AO VIVO É MAIS BONITO

Mal me sentara na “Cervejaria da Praça” depois de ter mandado vir um Ice Tea de pêssego, eis que o vi assomar do lado da “Rua da Cadeia”, onde os espanhóis vão comprar os “amarelos” que é como quem diz os objectos de cobre com que se fazem no matrimónio com as carmencitas.
“Lemmy! – chamei eu com um gesto o senhor Lemmy Caution, que com o seu metro e oitenta e sete e o ar façanhudo à Eddie Constantine fazia um vistão no centro da cidade de Elvas naquele princípio de tarde caliente, fronteiriça, enquanto as senhoras na esplanada falavam das suas idas ao Lidl e ao Pagapouco e cortavam com afecto na casaca das ausentes, no linguajar cantante que lhes é próprio.
O grande detective chegou e sentou-se, esparramando os noventa quilos na cadeira subitamente frágil, lusitanamente dolorida.

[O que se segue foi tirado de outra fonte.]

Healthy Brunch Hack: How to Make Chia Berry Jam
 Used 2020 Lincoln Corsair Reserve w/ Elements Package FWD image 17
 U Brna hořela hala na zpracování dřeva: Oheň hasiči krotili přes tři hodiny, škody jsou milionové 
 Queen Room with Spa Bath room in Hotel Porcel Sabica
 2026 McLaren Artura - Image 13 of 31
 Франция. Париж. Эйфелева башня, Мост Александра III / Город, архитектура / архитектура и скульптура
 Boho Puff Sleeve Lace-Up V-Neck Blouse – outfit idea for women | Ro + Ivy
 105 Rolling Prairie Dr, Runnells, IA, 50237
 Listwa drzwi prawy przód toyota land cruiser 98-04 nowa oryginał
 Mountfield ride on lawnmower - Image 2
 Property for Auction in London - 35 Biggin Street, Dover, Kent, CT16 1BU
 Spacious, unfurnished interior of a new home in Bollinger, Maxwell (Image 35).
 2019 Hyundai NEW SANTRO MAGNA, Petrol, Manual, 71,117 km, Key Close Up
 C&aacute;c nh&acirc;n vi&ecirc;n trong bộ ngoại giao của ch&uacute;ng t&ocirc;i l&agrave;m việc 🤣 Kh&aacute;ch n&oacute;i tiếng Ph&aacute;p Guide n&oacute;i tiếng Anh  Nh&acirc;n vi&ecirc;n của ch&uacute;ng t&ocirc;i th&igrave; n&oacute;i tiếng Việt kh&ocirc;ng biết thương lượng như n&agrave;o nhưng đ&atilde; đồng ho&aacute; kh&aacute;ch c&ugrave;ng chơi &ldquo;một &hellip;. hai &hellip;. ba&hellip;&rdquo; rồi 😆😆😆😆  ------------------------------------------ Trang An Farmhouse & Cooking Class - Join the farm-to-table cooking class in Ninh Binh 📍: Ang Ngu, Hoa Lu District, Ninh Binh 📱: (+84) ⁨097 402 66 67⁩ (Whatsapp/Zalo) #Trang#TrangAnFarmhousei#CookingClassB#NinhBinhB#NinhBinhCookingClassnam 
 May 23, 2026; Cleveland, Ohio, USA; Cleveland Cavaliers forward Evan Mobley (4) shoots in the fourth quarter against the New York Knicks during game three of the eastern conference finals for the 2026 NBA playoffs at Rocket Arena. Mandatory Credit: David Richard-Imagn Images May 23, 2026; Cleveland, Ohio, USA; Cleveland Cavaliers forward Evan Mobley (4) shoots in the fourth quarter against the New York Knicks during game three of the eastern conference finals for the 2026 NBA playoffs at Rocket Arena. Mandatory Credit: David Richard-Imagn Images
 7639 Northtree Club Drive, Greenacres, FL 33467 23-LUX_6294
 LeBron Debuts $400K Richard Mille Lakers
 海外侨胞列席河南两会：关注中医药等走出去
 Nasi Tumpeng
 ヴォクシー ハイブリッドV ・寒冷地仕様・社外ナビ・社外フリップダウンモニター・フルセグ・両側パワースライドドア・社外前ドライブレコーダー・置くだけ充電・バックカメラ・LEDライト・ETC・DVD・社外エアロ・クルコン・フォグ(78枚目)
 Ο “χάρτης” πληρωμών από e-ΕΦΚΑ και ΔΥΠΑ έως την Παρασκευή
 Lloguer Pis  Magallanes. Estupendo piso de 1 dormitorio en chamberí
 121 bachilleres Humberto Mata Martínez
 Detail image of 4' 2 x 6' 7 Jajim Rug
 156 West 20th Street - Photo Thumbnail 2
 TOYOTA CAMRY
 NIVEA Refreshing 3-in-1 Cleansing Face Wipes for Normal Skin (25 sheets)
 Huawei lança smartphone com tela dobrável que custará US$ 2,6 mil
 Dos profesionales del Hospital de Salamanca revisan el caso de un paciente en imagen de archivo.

Ergueu o dedo displicentemente e o criado acorreu com um copázio já repleto de “bourbon”, que ele arrebatou com a sua apreciada falta de cortesia. “O Philip já está lá dentro, informei-o. Está a tomar um “calvados” à Maigret com o Poirot...”. O Lemmy sorriu, fazendo com que o coração duma jovem que passava se pusesse a palpitar: “O Marlowe está a levar p’rá má vida o pobre do belga..., disse com o seu sotaque duro e arrastado de novaiorquino. Sabes se a miss Marple vai demorar?”. Não lhe respondi, tanto mais que naquele momento, dos lados da Igreja da Nossa Senhora da Assunção, bem equilibradinha nos saltos altos e bamboleando-se como uma leoa, vinha chegando a Effie Perine, a mais que competente secretária do Mike Hammer, que como sempre iria chegar atrasado e com um cheiro a pólvora. Levantei-me cavalheirescamente e a Effie fez um muchocho na direcção do Lemmy, que apenas a considerou de alto a baixo com o olhar número seis. Mas ela pareceu gostar. “Sai uma Sagres!”, clamei para o empregado magrito e com óculos escuros, vocês sabem, aquele que se abanica um tanto. E quando a Effie se sentou, cruzando meu deus as gâmbias envoltas em seda de primeira, chegaram o Marlowe e o Poirot vindos da sala do bar. O belga desbastando ainda uns restos de tremoços ou de amendoins.
E foi então que reparei que o Marlowe tinha um ricto na face. Olhava para o lado da praça, o cigarro pendente do lábio taciturno e o peito arquejando ao de leve com alguma preocupação.
Era um carro da Polícia que vinha a chegar. E que parou em frente da esplanada. Apeou-se um par de chuis: um deles, de quase pequena estatura, usava o cabelo airosamente penteado e um bigodinho como uma linha preta retinta. Sapatinho de tacão alto, o uniforme justo ao cabedal. Parecia a caricatura de um galã das fitas do Totó.
Energicamente, repuxou os lábios donairosos e disse para o Lemmy, mas olhando para todos: “Vamos a circular... Desabelhem já daqui. Dentro de um minuto quero vê-los na alheta. Vá, ponham-se a andar!”. A Effie ainda tentou uma frase qualquer. Os outros tal como eu, nem isso. O Poirot, via-se, engolia em seco. O Lemmy perdera a rijeza. O Marlowe deixou cair o cigarro do lábio.
Pusemo-nos no andor. Que remédio! Evidentemente: é o que acontece quando estamos a contas com um polícia a sério.